30 March 1870 A.D. 15th Amendment Adopted—Grants Rights to Vote for African or Black Americans
30 March 1870 A.D. 15th Amendment Adopted—Grants Rights to
Vote for African or Black Americans
Editors. “15th Amendment adopted.” History. 2009. http://www.history.com/this-day-in-history/15th-amendment-adopted. Accessed 27 Mar 2015.
Editors. “15th Amendment adopted.” History. 2009. http://www.history.com/this-day-in-history/15th-amendment-adopted. Accessed 27 Mar 2015.
Following its ratification by the
requisite three-fourths of the states, the 15th Amendment, granting
African-American men the right to vote, is formally adopted into the U.S.

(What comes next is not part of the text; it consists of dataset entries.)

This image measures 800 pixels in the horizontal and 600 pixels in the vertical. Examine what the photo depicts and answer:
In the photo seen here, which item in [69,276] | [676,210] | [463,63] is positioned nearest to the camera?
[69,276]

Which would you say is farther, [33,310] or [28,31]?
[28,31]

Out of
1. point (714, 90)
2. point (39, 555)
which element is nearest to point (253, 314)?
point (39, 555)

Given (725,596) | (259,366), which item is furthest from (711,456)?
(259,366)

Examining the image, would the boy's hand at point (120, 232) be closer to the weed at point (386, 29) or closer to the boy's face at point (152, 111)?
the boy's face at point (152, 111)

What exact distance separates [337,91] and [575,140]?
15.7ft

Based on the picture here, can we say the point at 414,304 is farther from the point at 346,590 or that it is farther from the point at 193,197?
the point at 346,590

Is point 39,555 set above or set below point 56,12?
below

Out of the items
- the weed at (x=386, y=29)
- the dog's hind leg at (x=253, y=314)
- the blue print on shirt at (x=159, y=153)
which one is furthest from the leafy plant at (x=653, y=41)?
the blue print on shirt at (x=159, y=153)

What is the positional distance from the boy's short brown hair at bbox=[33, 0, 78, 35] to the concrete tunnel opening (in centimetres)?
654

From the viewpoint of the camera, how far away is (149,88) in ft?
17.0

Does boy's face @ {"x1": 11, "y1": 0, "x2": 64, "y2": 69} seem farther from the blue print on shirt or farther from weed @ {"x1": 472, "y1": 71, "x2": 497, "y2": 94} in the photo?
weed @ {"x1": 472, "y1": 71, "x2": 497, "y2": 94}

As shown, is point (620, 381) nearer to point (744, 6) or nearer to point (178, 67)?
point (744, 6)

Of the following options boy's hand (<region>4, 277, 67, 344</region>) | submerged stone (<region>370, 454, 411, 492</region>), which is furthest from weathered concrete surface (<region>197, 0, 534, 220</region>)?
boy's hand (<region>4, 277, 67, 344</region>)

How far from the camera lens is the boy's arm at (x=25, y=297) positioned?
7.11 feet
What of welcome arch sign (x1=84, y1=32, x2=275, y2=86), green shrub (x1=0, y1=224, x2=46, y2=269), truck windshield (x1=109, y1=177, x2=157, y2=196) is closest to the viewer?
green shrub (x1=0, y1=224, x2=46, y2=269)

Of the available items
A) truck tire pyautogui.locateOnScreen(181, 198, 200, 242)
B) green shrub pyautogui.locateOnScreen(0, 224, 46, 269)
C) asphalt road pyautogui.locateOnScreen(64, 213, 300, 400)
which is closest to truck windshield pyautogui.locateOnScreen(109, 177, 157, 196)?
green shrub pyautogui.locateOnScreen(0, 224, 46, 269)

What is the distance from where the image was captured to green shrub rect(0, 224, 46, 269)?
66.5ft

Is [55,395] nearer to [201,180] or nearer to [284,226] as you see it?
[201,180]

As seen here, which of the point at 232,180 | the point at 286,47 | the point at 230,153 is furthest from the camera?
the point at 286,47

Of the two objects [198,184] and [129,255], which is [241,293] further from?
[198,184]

Constitution. Passed by Congress the year before, the amendment reads, “the
right of citizens of the United States to vote shall not be denied or abridged
by the United States or by any State on account of race, color, or previous
condition of servitude.” One day after it was adopted, Thomas Peterson-Mundy of
Perth Amboy, New Jersey, became the first African American to vote under the
authority of the 15th Amendment.
In 1867, the Republican-dominated
Congress passed the First Reconstruction Act, over President Andrew Johnson’s
veto, dividing the South into five military districts and outlining how new
governments based on universal manhood suffrage were to be established. With
the adoption of the 15th Amendment in 1870, a politically mobilized
African-American community joined with white allies in the Southern states to
elect the Republican Party to power, which brought about radical changes across
the South. By late 1870, all the former Confederate states had been readmitted
to the Union, and most were controlled by the Republican Party, thanks to the
support of African-American voters.
In the same year, Hiram Rhoades Revels, a Republican
from Natchez, Mississippi, became the first African American ever to sit in
Congress. Although African-American Republicans never obtained political office
in proportion to their overwhelming electoral majority, Revels and a dozen
other African-American men served in Congress during Reconstruction, more than
600 served in state legislatures, and many more held local offices. However, in
the late 1870s, the Southern Republican Party vanished with the end of
Reconstruction, and Southern state governments effectively nullified the 14th
and 15th Amendments, stripping Southern African Americans of the right to vote.
It would be nearly a century before the nation would again attempt to establish
equal rights for African Americans in the South.